A study conducted by Cambridge University found that the global cost of debugging was $312bn in 2013, a figure that undoubtedly has risen in the past two years. With this much money and effort dedicated to this part of SoC design, it is necessary to be as efficient as possible when debugging. Arm CoreSight technology provides solutions for the Debug and Trace of complex SoC designs. It can take years to become an expert in the finer details of CoreSight, but in this series of blogs I intend to provide readers with a starting point to understand the concepts which will help you to work with CoreSight. Like any good technical introduction, let's start with some definitions!

Debug

This refers to features to observe or modify the state of parts of the design. Features used for debug include the ability to read and modify register values of processors and peripherals. Debug also includes the use of complex triggering and monitoring resources. Debug frequently involves halting execution once a failure has been observed, and collecting state information retrospectively to investigate the problem.

Trace

CoreSight provides features which allow for continuous collection of system information for later off-line analysis.

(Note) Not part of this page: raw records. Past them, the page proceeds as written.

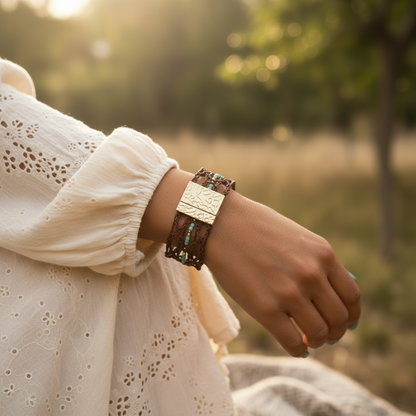 Wild Grace leather bracelet, Boho Inspired Style with Spirit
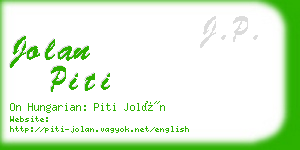 jolan piti business card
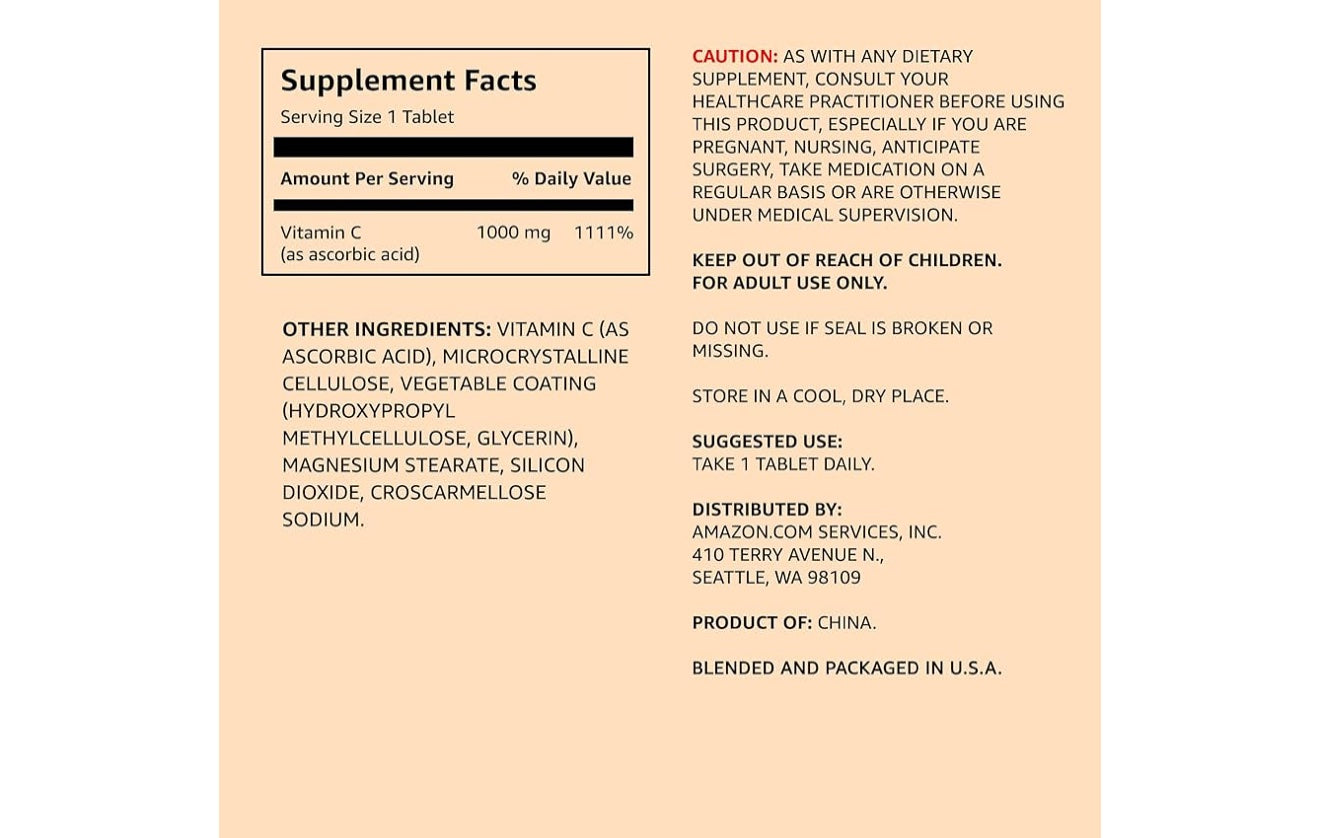 Amazon Elements Vitamina C 1000 mg image 1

Execution trace generation macrocells exist for use with processors, software can be instrumented with dedicated trace generation, and some peripherals can generate performance monitoring trace streams.

Trace and Debug are used together at all stages in the design flow from initial platform bring-up, through software development and optimization, and even to in-field debug or failure analysis.

Historically, the following methods of debugging an ARM processor based SoC exist:

Conventional JTAG debug (external debug)

This is invasive debug with the processor halted using:

Breakpoints and watchpoints to halt the processor on specific activity
A debug connection to examine and modify registers and memory, and provide single step execution

Conventional monitor debug (;self-hosted debug)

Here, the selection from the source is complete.